Starring Brendan Gleeson, Kelly Reilly, Chris O'Dowd, Aidan Gillen, and Dylan Moran
Directed by John Michael McDonagh
Run Time: 101 minutes
Opens August 8th
By Eric Forthun of Cinematic Shadows
Religion remains one of the most fundamentally difficult topics to tackle in cinema. Make a preachy film and the filmmakers isolate the skeptics and nonbelievers; make an aggressively pointed film and the religious audience grows divided over whether to support or condemn the picture. Calvary is one of those rare occurrences, however, where a film both celebrates and lambasts religion, creating an impressively detailed canvas of humanity and the crisis of faith at our core. The film focuses on Father James (Brendan Gleeson), a good man that turned to religion after his wife tragically died and his daughter lost herself in the midst of her family falling apart. Even though James was far from a perfect man, he inherently hopes for the best for everyone and seeks happiness and forgiveness for those that need it. Ironic, then, that the film opens with a man in confession telling the father that he will be killed the following Sunday to send a message to the world.

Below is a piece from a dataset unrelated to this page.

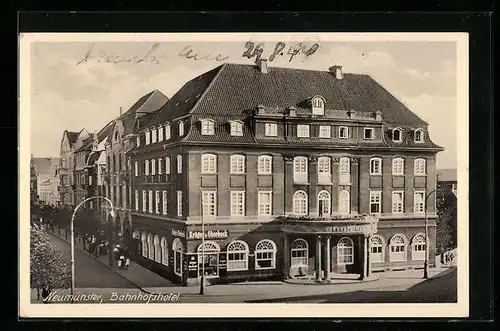 AK Neumünster, Strassenpartie mit Bahnhofshotel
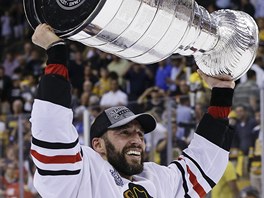 S TROFEJ. Michal Rozsval z Chicaga svr pohr pro vtze Stanley Cupu.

The victim had been abused by the Catholic Church when he was younger. The film’s opening line is shocking: “I first tasted semen when I was seven years old.” Here, the story shows a good man listening to the rape that this innocent man faced day after day in his younger years. He blames religion and all men of faith for what happened to him, saying that a good man must die in order to make a strong statement about what went wrong. If a bad priest dies, then no one will care because, hey, he deserved it. But a good man dying? That’ll get everyone’s attention. James’ daughter, Fiona (Kelly Reilly), visits town after her father reels over the threat he just received. She recently attempted suicide and feels abandoned by James, who left to become a priest instead of loving his daughter when she needed it most. She refers to him as “father” once, coldly drawing a parallel between the distance she feels from him due to his fatherly status in the church.

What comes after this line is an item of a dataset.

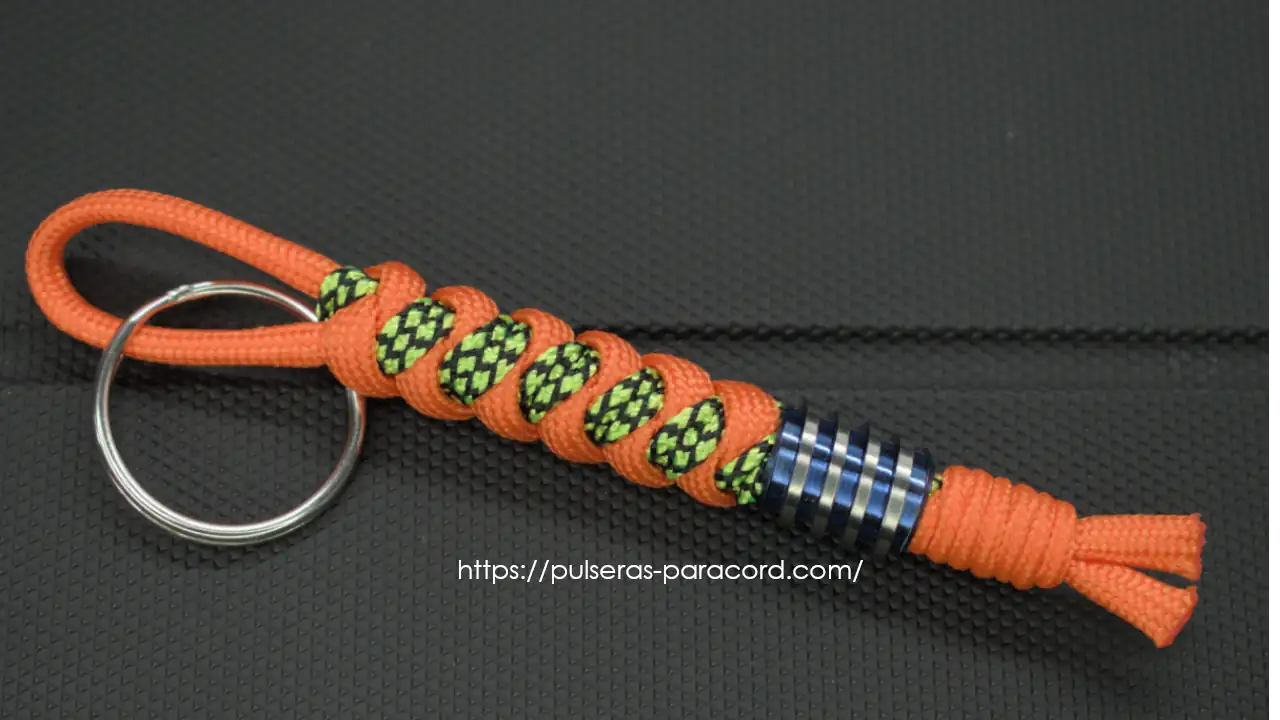 Llavero paracord con TITANIO | Nudo serpiente fácil de hacer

Writer-director John Michael McDonagh builds the narrative around a whodunit foundation, but the story navigates episodic scenes that are defined by the supporting characters. Jack Brennan (Chris O’Dowd) is a butcher whose wife is cheating on him; she indulges in plenty of other men and some cocaine when given the chance. Dr. Frank Harte (Aidan Gillen) is an atheistic surgeon that mostly believes his patients will die. He’s a pessimist at heart that brutally attacks and belittles religion for fun. Michael Fitzgerald (Dylan Moran) is a wealthy, lonely man that cares more about artificial happiness than peace of mind. In one telling scene, he asks Father James if a painting he owns has any meaning. James asks, “Why does it have to have meaning?” Michael insists that everything has to have meaning in life or else, what’s the point? Fiona challenges that notion of meaning as well. In confession, James tells her that life has just as much meaning at 30 as it does at 60, but she thinks that’s all fluff without any substance.
Characters question the nature of religion and whether it is, indeed, a dying belief system. But Calvary isn’t a film that exists to tear apart religion at its seams; rather, it aims to introspectively look at a troubled protagonist that sees the doubt and hate in most people rather than the good. There’s a sense that humanity is inherently evil based on the narrative, a testament to Satanism more than any thread of Catholicism. Brendan Gleeson delivers one of the year’s best performances as James, providing him with a kindly invasive nature, using his religion as a means of exploring the tenets of being a good human being. McDonagh has managed to create a stunning feature marked by its challenge of religion as the ultimate punisher and judge. Characters remark that faith acts as a way for people to understand death, but if religion doesn’t mean more to the follower, then why believe in the first place? Calvary gravely voices that a religion’s dark past can overwhelm the present and make the most fervent believers question the foundation of their humanity.